Zware bommenwerpers, volgeladen met voedselpakketten, naderden vanaf onze plaats gezien uit oostelijke richting en uit het raam zag ik hoe ze na het passeren van de huidige woonwijk Buitenveldert en de Amstelveense Weg hun last uitwierpen. Als kleine zwarte puntjes zag je die naar beneden vallen op een plaats waarvan we veronderstelden dat ’t het oude Schiphol aan de Ringvaart was. Dat laatste bleek te kloppen. Deze fantastische voorstelling ging bijna de gehele dag door.
Zo simpel als ik het hier heb opgeschreven was het een van de mooiste dingen die ik ooit heb meegemaakt.
Misschien was het wel een druppel op de gloeiende plaat maar het gaf natuurlijk een geweldige stimulans om nog even vol te houden.
We waren echt aan de laatste loodjes bezig.

Het sorteren van de pakketten nam daarna zoveel tijd in beslag dat pas op 12 mei met de uitdeling aan ernstige zieken begonnen kon worden. De rest van de bevolking kwam pas op 17 mei aan de beurt en kreeg toen per persoon 100 gram boter, een blikje worst of kaas, een tablet chocola en wat thee.
Hoewel de voedselsituatie daarna met de komst van de Canadezen geleidelijk werd verbeterd en van alle kanten met militaire vrachtwagens voedsel werd aangevoerd verscheen dat voor de inwoners van Amsterdam pas in de tweede helft van mei in de winkels. Nog herinner ik me de biscuits die we toen kregen. “Niet minder dan 900 gram per persoon,” las ik in een gemeenterapport dat ik later in handen kreeg. “Tot uitbundige vreugde van alle Amsterdammers, van wie de jeugd uit pure levenslust de leege biscuitsblikken tot trommels promoveerden.” En ik herinner me uit eigen waarneming hoe ze er vlotten van maakten waarmee werd gevaren op de grachten.

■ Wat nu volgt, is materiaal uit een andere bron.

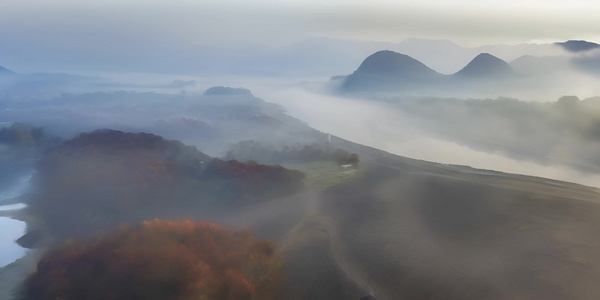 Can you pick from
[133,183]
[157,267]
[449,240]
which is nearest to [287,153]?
[133,183]

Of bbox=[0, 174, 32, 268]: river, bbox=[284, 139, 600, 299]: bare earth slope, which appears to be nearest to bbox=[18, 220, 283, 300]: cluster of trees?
bbox=[284, 139, 600, 299]: bare earth slope

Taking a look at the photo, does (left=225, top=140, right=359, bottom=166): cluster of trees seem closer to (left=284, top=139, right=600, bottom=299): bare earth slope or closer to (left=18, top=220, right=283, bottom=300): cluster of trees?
(left=284, top=139, right=600, bottom=299): bare earth slope

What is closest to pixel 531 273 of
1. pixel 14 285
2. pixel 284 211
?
pixel 284 211

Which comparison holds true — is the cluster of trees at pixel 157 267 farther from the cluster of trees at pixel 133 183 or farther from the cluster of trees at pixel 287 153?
the cluster of trees at pixel 287 153

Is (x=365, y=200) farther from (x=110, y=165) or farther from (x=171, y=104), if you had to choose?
(x=171, y=104)

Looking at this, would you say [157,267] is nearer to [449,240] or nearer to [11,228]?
[11,228]

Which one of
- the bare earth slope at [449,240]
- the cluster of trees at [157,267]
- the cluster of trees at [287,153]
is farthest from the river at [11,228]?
the bare earth slope at [449,240] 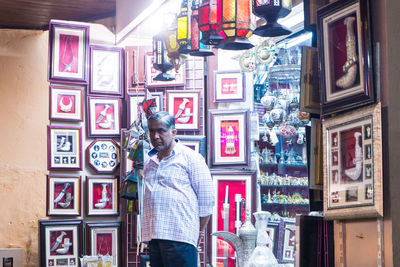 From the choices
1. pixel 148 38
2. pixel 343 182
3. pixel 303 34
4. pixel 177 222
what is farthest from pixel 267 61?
pixel 343 182

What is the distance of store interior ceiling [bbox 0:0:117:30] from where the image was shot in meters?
6.04

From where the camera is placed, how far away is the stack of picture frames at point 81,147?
5940 millimetres

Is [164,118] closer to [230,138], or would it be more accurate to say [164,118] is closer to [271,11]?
[271,11]

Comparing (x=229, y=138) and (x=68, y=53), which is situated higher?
(x=68, y=53)

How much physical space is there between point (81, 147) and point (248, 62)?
2065 millimetres

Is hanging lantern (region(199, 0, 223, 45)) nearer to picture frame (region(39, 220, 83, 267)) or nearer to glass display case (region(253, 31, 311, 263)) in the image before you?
glass display case (region(253, 31, 311, 263))

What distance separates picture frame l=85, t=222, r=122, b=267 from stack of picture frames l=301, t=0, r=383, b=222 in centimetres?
369

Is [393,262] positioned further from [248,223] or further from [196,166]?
[248,223]

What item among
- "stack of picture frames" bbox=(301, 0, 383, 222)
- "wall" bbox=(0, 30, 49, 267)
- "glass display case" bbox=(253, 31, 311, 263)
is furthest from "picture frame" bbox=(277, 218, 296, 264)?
"wall" bbox=(0, 30, 49, 267)

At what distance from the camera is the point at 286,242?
4.85m

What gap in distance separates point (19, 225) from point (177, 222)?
2.86 metres

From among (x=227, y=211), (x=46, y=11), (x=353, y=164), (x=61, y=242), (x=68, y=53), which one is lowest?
(x=61, y=242)

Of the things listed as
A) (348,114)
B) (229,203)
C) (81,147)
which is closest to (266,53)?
(229,203)

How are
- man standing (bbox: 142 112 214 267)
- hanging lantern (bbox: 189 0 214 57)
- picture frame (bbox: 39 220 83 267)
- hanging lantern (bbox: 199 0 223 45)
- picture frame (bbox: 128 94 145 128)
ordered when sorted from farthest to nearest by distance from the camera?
picture frame (bbox: 128 94 145 128)
picture frame (bbox: 39 220 83 267)
hanging lantern (bbox: 189 0 214 57)
man standing (bbox: 142 112 214 267)
hanging lantern (bbox: 199 0 223 45) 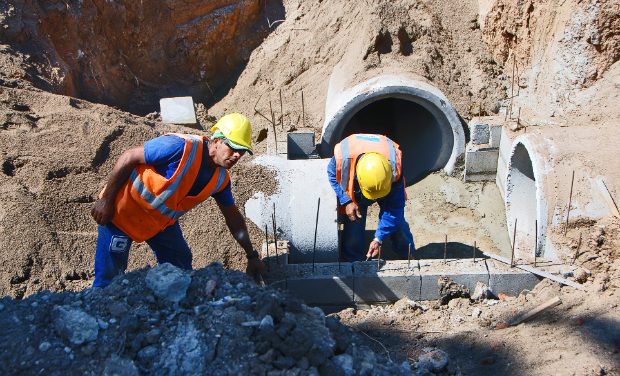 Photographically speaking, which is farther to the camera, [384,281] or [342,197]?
[342,197]

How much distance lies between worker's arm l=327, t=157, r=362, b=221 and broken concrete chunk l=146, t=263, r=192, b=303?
2.13 metres

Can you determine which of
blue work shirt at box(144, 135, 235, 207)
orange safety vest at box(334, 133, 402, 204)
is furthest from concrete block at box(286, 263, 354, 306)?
blue work shirt at box(144, 135, 235, 207)

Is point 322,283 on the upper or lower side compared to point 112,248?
lower

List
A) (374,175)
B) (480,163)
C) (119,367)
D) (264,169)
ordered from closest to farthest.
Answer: (119,367) < (374,175) < (264,169) < (480,163)

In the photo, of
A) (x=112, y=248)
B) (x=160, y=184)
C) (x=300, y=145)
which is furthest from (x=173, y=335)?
(x=300, y=145)

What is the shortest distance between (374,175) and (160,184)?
1.59 metres

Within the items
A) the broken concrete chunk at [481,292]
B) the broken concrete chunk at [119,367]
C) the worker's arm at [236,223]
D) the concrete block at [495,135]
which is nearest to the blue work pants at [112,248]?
the worker's arm at [236,223]

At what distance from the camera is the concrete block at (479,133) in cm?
676

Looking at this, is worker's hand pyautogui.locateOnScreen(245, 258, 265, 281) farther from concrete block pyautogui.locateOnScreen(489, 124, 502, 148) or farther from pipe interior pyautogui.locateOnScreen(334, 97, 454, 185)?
concrete block pyautogui.locateOnScreen(489, 124, 502, 148)

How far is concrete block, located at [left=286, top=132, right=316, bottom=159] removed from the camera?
255 inches

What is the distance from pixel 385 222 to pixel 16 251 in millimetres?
2816

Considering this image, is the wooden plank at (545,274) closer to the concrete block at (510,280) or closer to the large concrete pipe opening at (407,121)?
the concrete block at (510,280)

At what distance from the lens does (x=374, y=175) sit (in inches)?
176

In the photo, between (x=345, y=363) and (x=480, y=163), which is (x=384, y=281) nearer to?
(x=345, y=363)
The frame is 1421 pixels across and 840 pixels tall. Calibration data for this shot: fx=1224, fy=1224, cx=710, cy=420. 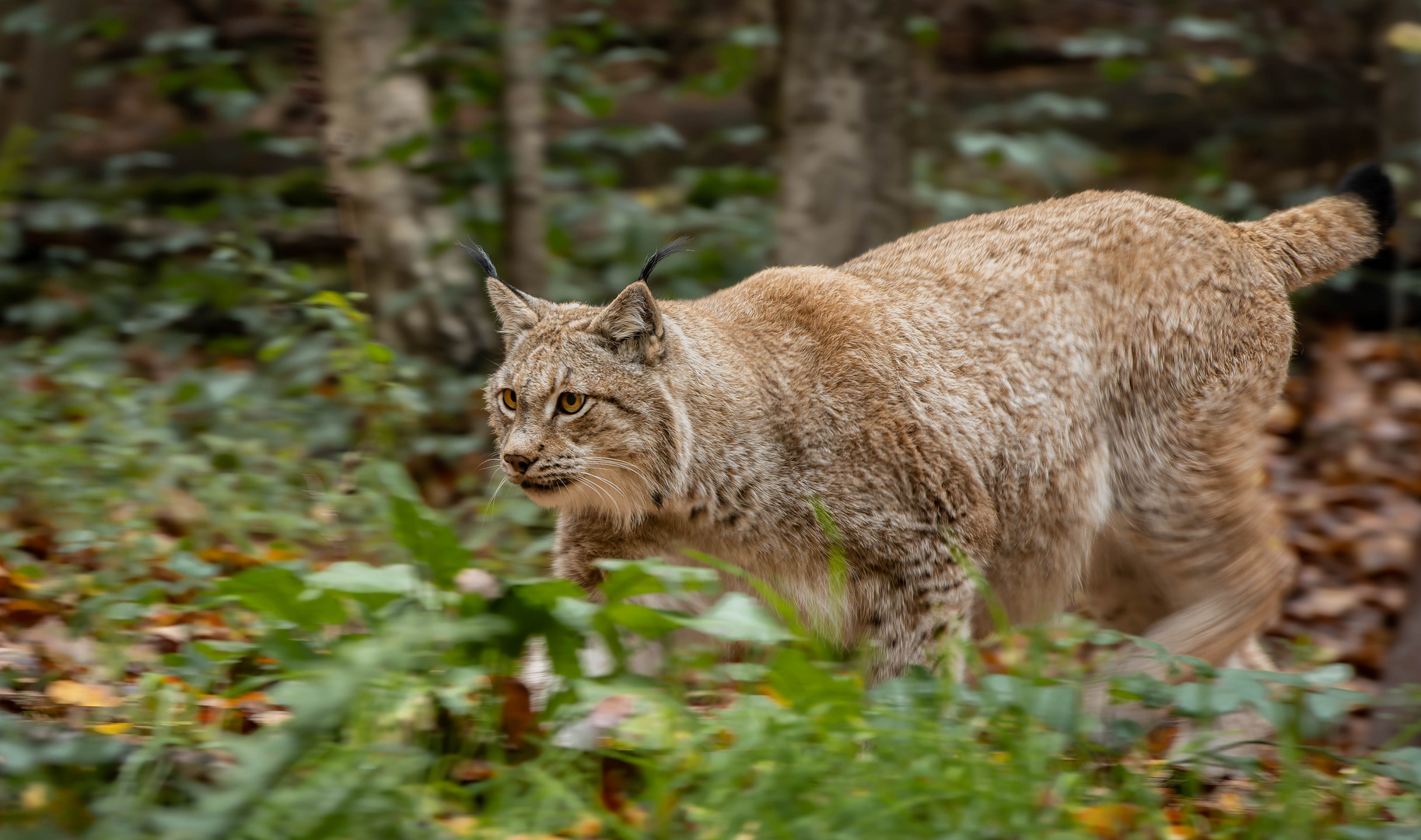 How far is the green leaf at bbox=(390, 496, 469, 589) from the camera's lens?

Last but not least draaiden de centrale keukens (wij noemden het de gaarkeuken) half mei weer op volle toeren waarbij dagelijks aan 450000 mensen een warme maaltijd werd uitgedeeld die niet langer uit tulpenbollen en suikerbieten maar uit aardappelen en groente bestond.
Het ging dus beter na de bevrijding maar de eerste maand echt nog maar mondjesmaat.